Saturday, February 10, 2007

Branded and On Display

As I began a recent article posted to the UIUC web site, entitled “Multi-artist exhibition explores culture of consumption,” I was greeted with a bland statement of the obvious—one such as I often encounter when sifting through the endless stacks of essays penned by freshmen rhetoric students. Offering the brand of enlightenment typical of Fox News, the author proclaims:


“It’s no wonder Americans are heavily invested in a culture of consumption. As targets of ubiquitous corporate branding campaigns and marketing mania, we are bombarded 24/7 on all fronts – through every conceivable form of mass media and product packaging, at sporting and entertainment venues, and even lobbied by the apparel of friends and family.”


Hesitant, I nevertheless read on, expecting to be informed that it is also no wonder American children who spend hours in front of the television are growing fatter, lazier, and more ill-read by the day.


While the article itself leaves something to be desired, one hypothesizes that the exhibit it describes aims not to simply tell us what we already know, but to show us what we might otherwise miss. The beauty of art, in the words of novelist David Lodge, is that it is able “to overcome the deadening effects of habit by representing familiar things in unfamiliar ways.”


“Branded and on Display,” an exhibit at the U of I's Krannert Art Museum that might be termed a socio-economic commentary regarding our “culture of consumption,” features the work of UIUC’s own School of Art and Design faculty members Conrad Bakker and Laurie Hogin, along with the work of some 20 other artists from around the globe.
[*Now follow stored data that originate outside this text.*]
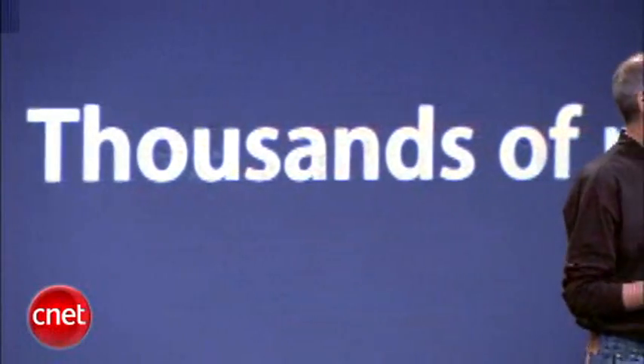So the new iPod Touch — it's got millions of songs that you can buy for it, thousands of Hollywood movies, and now hundreds of games. This is the funnest iPod ever, and we think people are going to really love it.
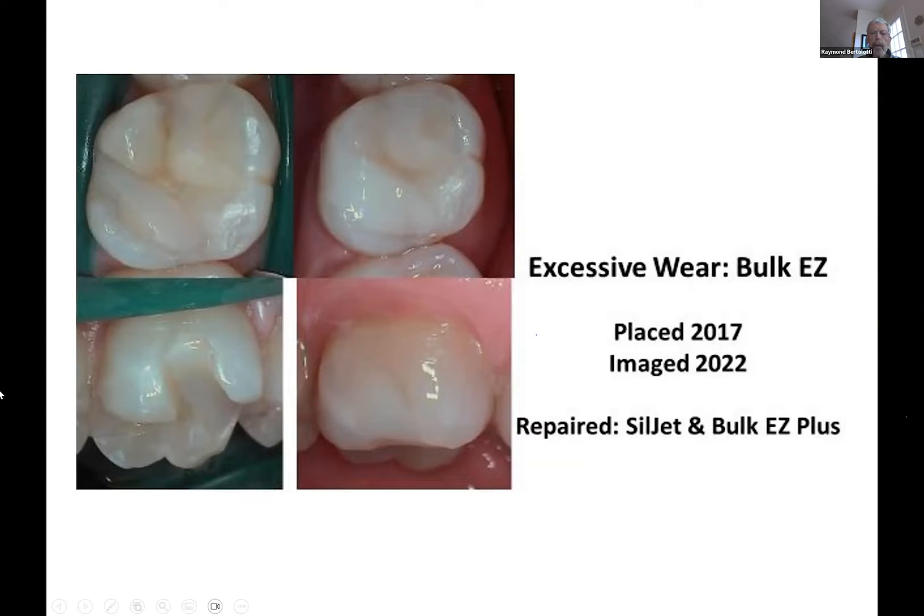Here's something Mike sent me last year — some excessive wear. The Bulky Z that was, in fact, polymerized on the surface with a light. You know the wear. Now, that is extremely unusual. I've only seen this rarely. It's typically on the second molar — can't even think of one that wasn't on the second molar. So I would exercise a little bit of caution on second molars, areas you think might get a lot of wear.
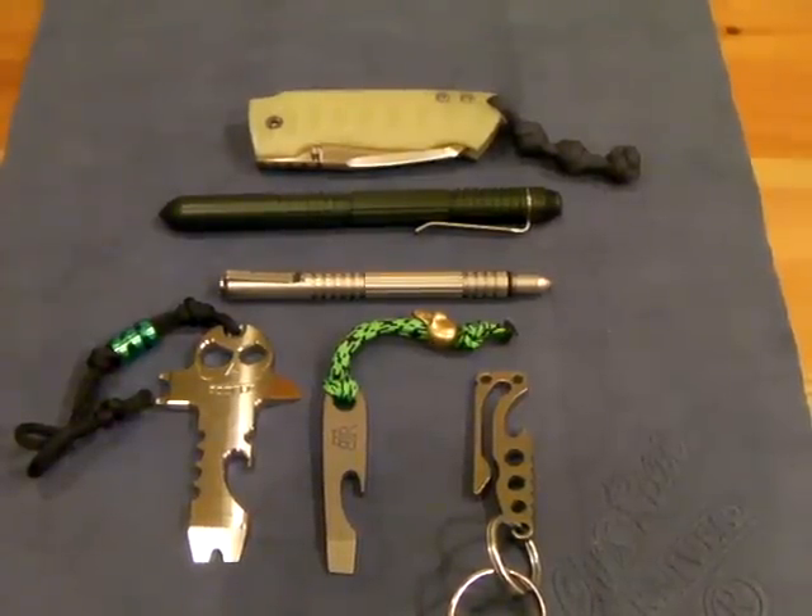Hey YouTube, it's Ben here, Liberty 43. Got another video for you today — this one is going to be about tools, pens, and just a little bit of an update from my new EDC that I picked up.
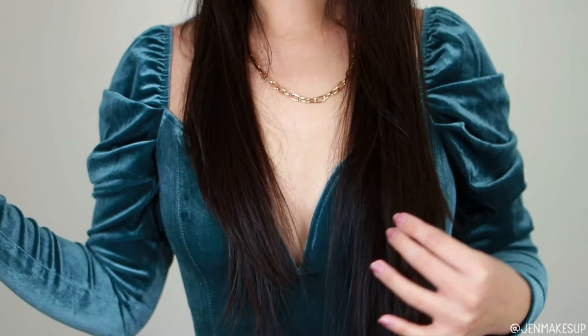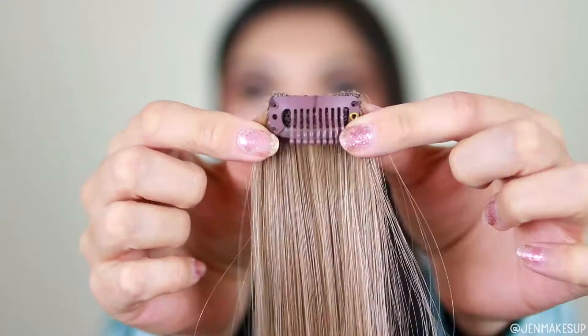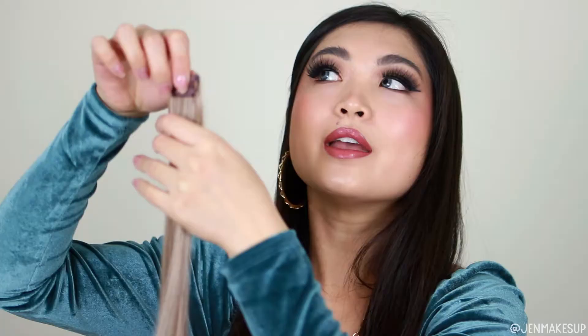My hair is quite long — it goes down to my waist. I have really uneven layers right now, but quarantine. So we'll see if these are long enough; I don't actually know how long my hair is. The clip at the top of the highlight is just a traditional hair clip that you pop in and pop out, which makes it really easy to install.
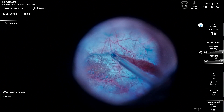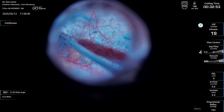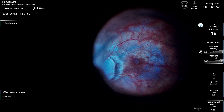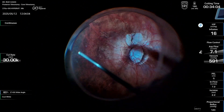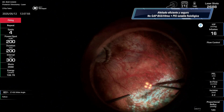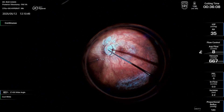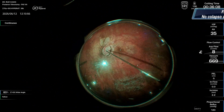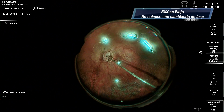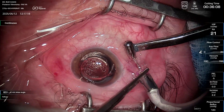The Ingenuity system in this case allowed me to have superb visualization of the posterior pole. I'm not so keen on using 3D systems, but certainly this new software and the combination with the Unity system are a step forward. These were my two first experiences with the system and I think this is clearly a game changer in the vitreoretinal world.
The progressive showcase encompasses various forms of media, including photography, painting, sculpture, but also video, sound and installation.


“Branded” will remain on display through April 1st and “Commerce and Consumption” through May 13th. For more information, visit

http://www.news.uiuc.edu/news/07/0116branded.html


If you need a little impetus to make the trip, consider this quote from Victor Shklovsky, who himself coined the term "defamiliarization:" "Habitualization devours work, clothes, furniture, one's wife, and the fear of war...And art exists that one may recover the sensation of life."





From the exhibit, Hank Willis Thomas’ “Branded Head,” a digital C-print mounted to Plexiglas.